CatBoost
Gradient boosting with native categorical feature handling
CatBoost handles categorical features natively using ordered target statistics, eliminating the need for manual encoding. It is competitive with XGBoost and LightGBM and often requires less preprocessing.
When to use:
- Datasets with many categorical features
- When you want to skip one-hot encoding or target encoding
- Competitive accuracy with minimal data preparation
Input: Tabular data with the feature columns defined during training Output: Predicted class label and class probabilities
Model Settings (set during training, used at inference)
Iterations (default: 1000) Number of boosting rounds.
Learning Rate (default: auto) Step size for gradient updates. Auto-tuned by default; lower values with more iterations generalize better.
Depth (default: 6) Depth of symmetric trees. Typical range is 4–10.
L2 Leaf Reg (default: 3.0) L2 regularization on leaf values.

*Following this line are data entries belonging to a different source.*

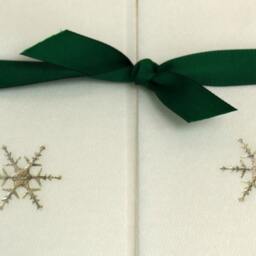 Embossed Snowflake Guest Hand Towels Nature's Linen Christmas Holiday Decor - thumbnail 2
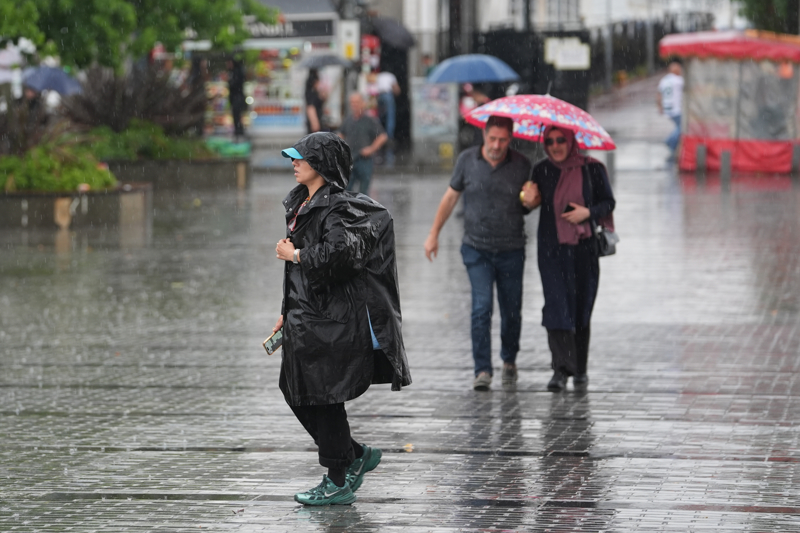 <p>Mecidiyeköy Meydanı'nda araçlar tekerleklerine kadar ulaşan su içerisinde ilerlemek zorunda kaldı. Yağmurun ve taşan rögarın etkisiyle sürücüler ve yayalar ilerlemekte zorlandı.</p>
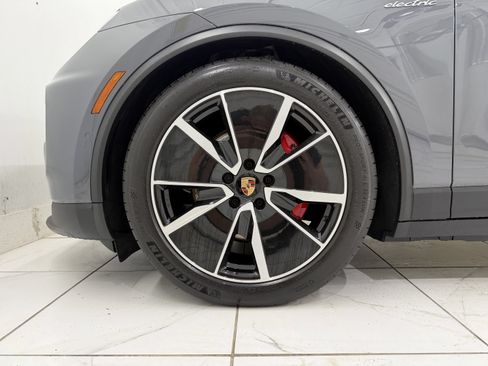 Used 2025 Porsche Macan 4S Electric AWD/4WD image 16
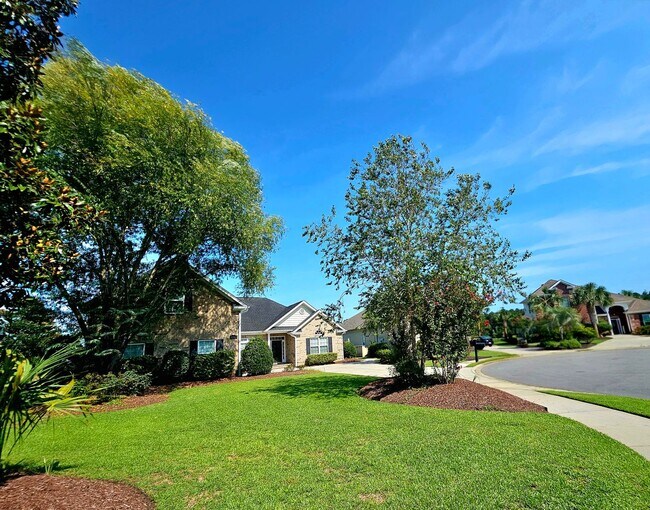 Building Photo - 9181 Abingdon Dr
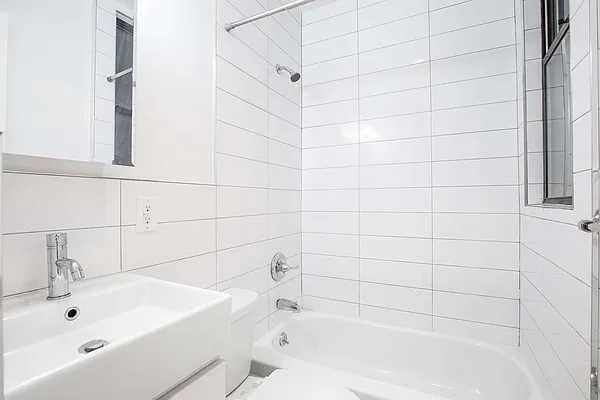 Rented by Nooklyn NYC LLC | media 24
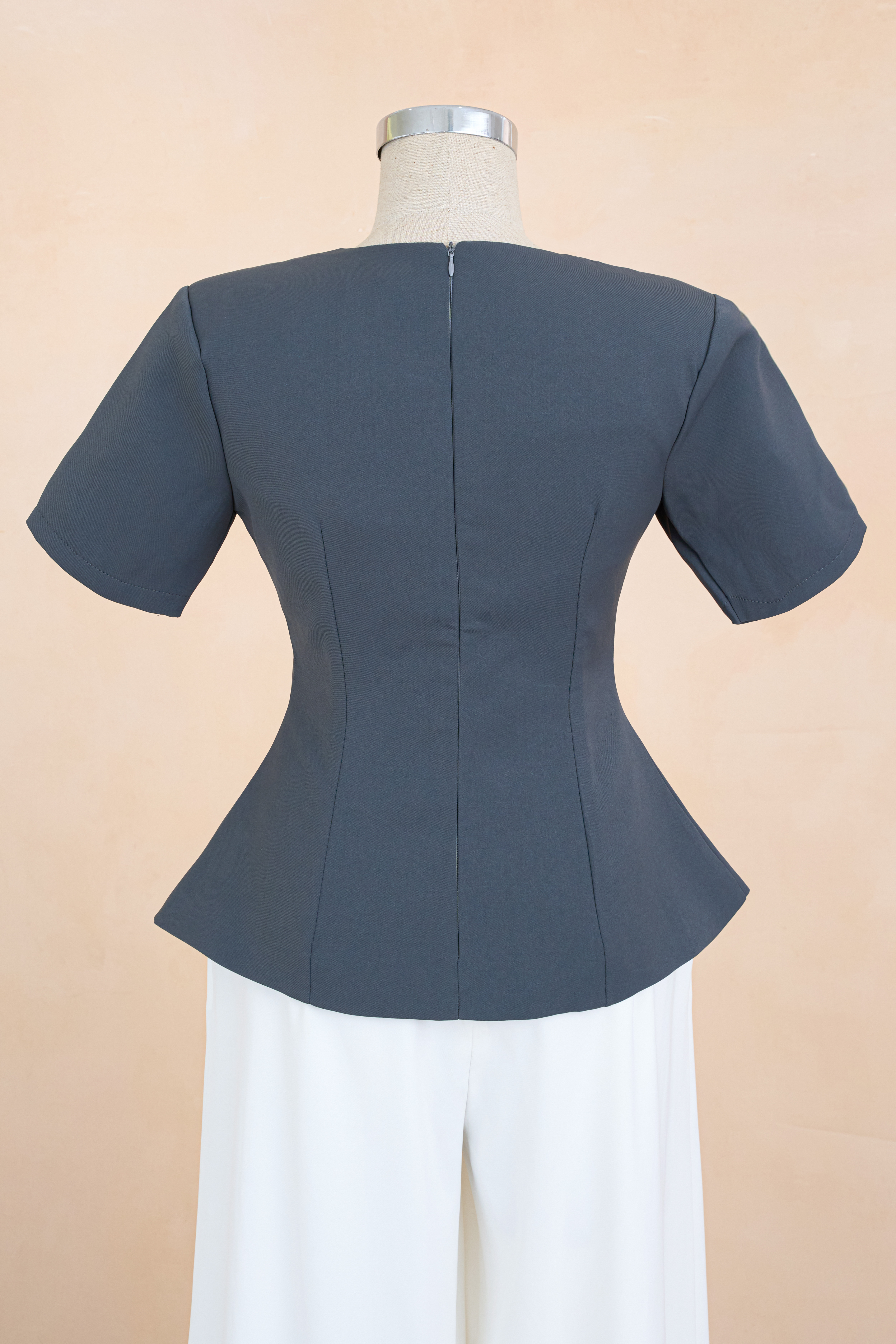 Áo PL Cổ Tròn Khuy Vàng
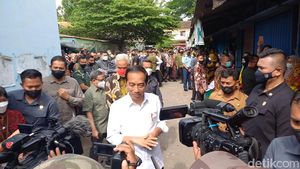 Potret Jokowi-Ganjar Blusukan Pasar Malangjiwan Karanganyar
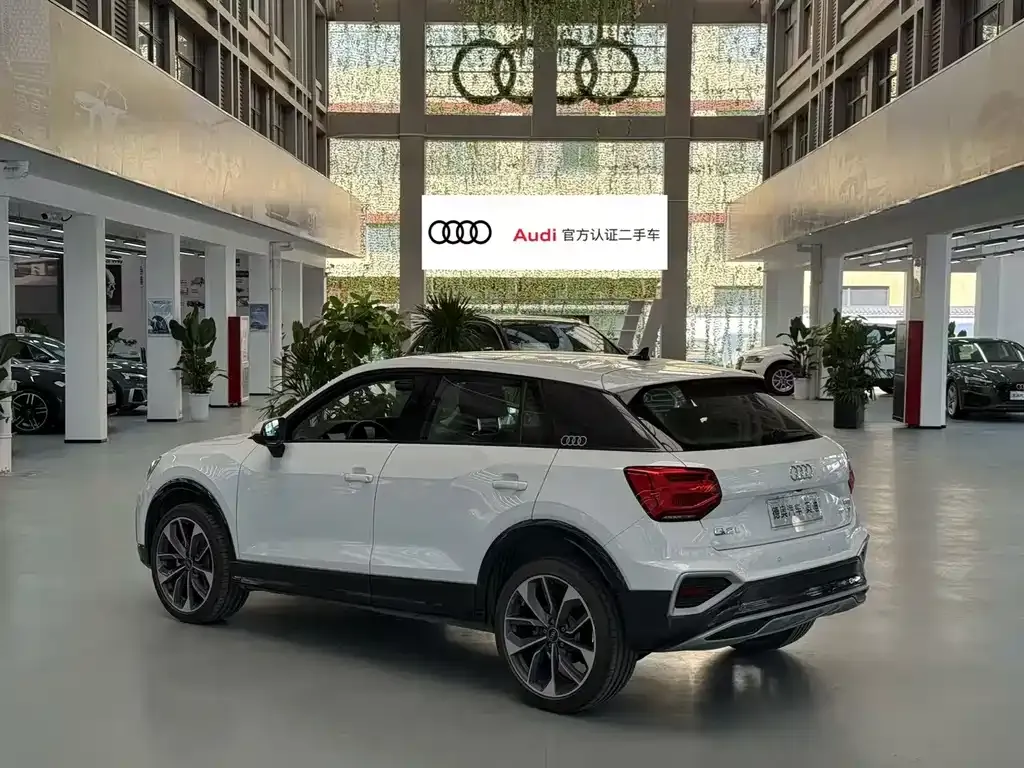 Audi Q2L — фото 9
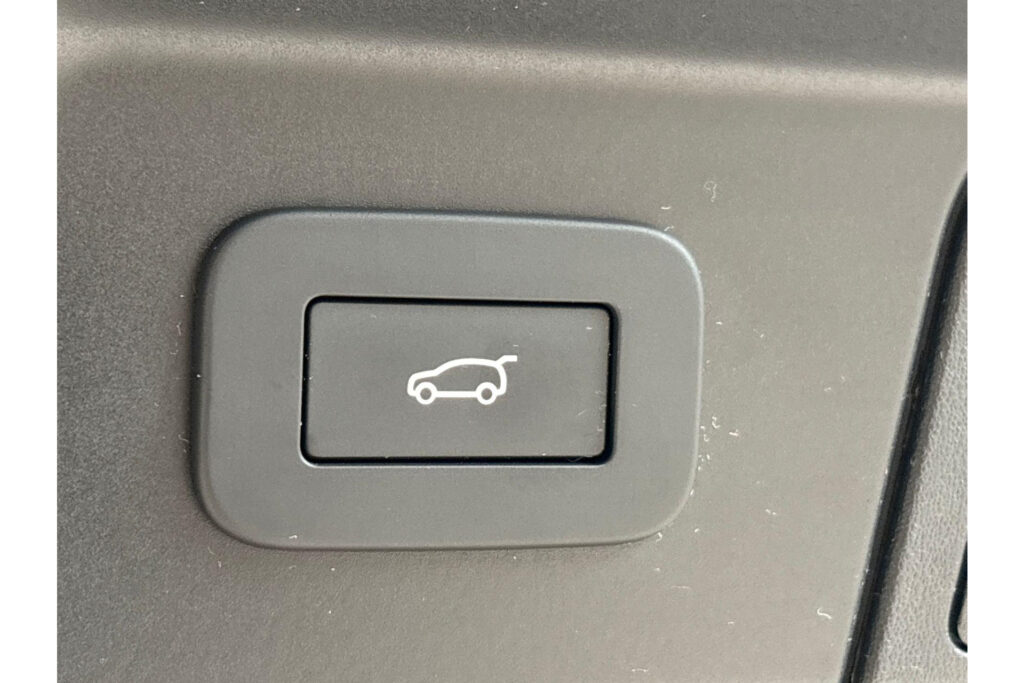 Land Rover Range Rover Velar P400e Dynamic SE, foto 31 van 36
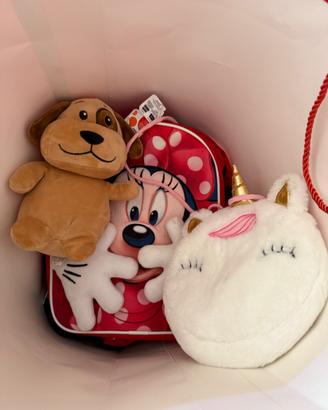 Zainetti e un peluche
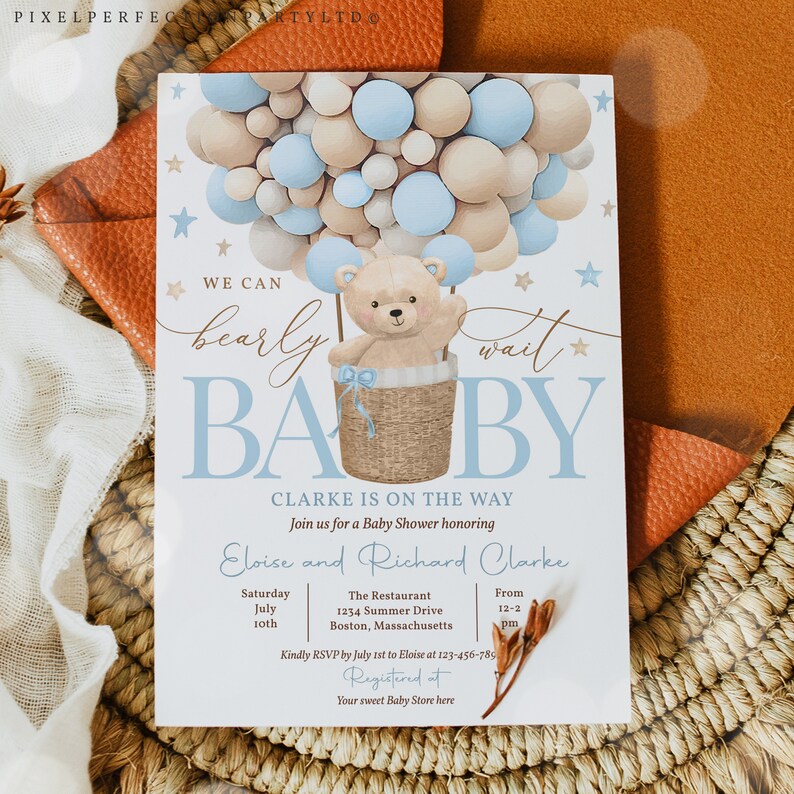 Peut inclure: Une invitation &agrave; une f&ecirc;te pr&eacute;natale avec un th&egrave;me bleu et blanc. L'invitation repr&eacute;sente un ours en peluche dans un ballon &agrave; air chaud avec des ballons bleus et beiges. Le texte sur l'invitation indique "We can barely wait, Baby, Clarke is on the way. Join us for a Baby Shower honoring Eloise and Richard Clarke. Saturday, July 10th, The Restaurant, 1234 Summer Drive, Boston, Massachusetts, From 12-2 pm. Kindly RSVP by July 1st to Eloise at 123-456-789. Registered at Your sweet Baby Store here."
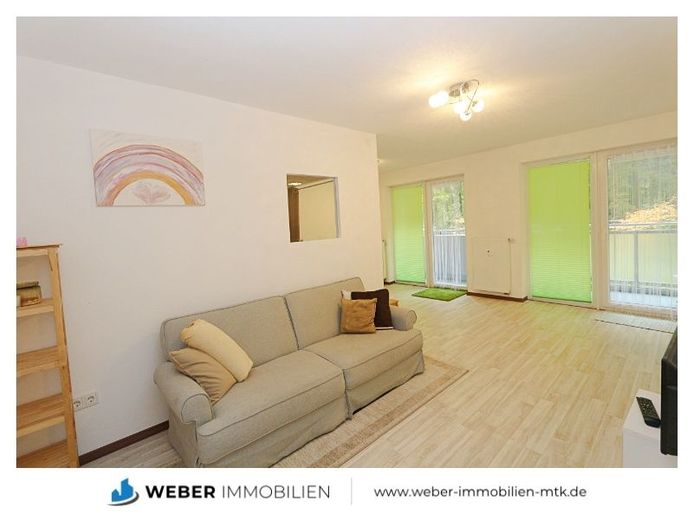 +++ AIRY and WELL-MAINTAINED APARTMENT in IMMEDIATE PROXIMITY to the FOREST +++ – living room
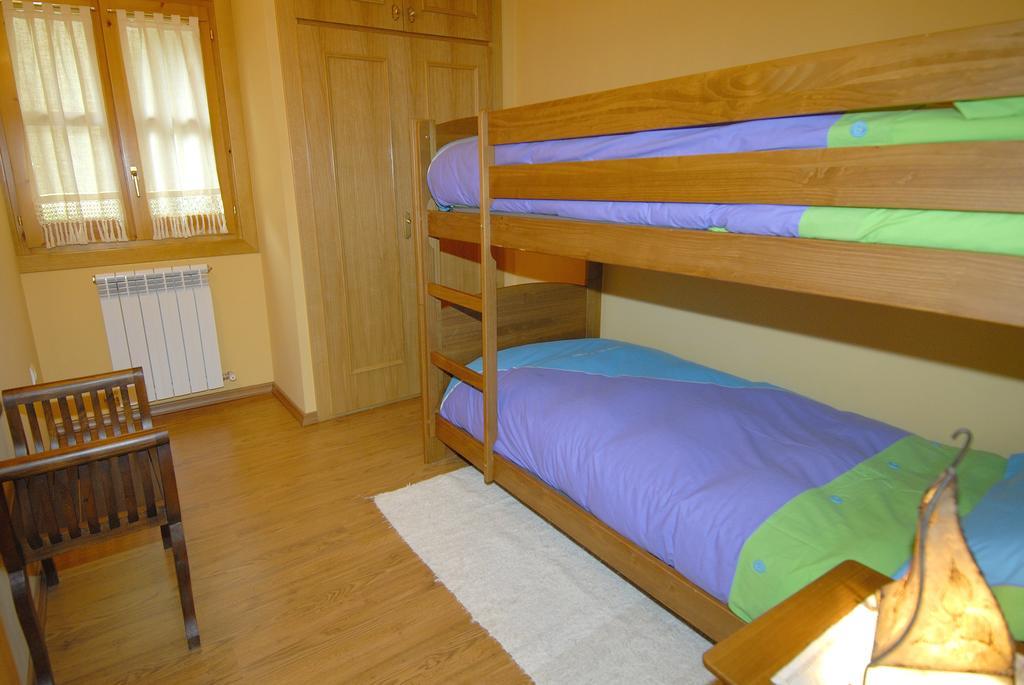 Apartamentos El Rincon De Benas Benasque Room photo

Border Count (default: 254) Number of splits for numerical features. Higher values capture finer boundaries.
Bagging Temperature (default: 1.0) Controls sampling randomness. Higher values add more noise to training.
Class Weights (default: null) Per-class weight multipliers for imbalanced datasets.
Inference Settings
No dedicated inference-time settings. CatBoost applies the trained symmetric tree structure at prediction time.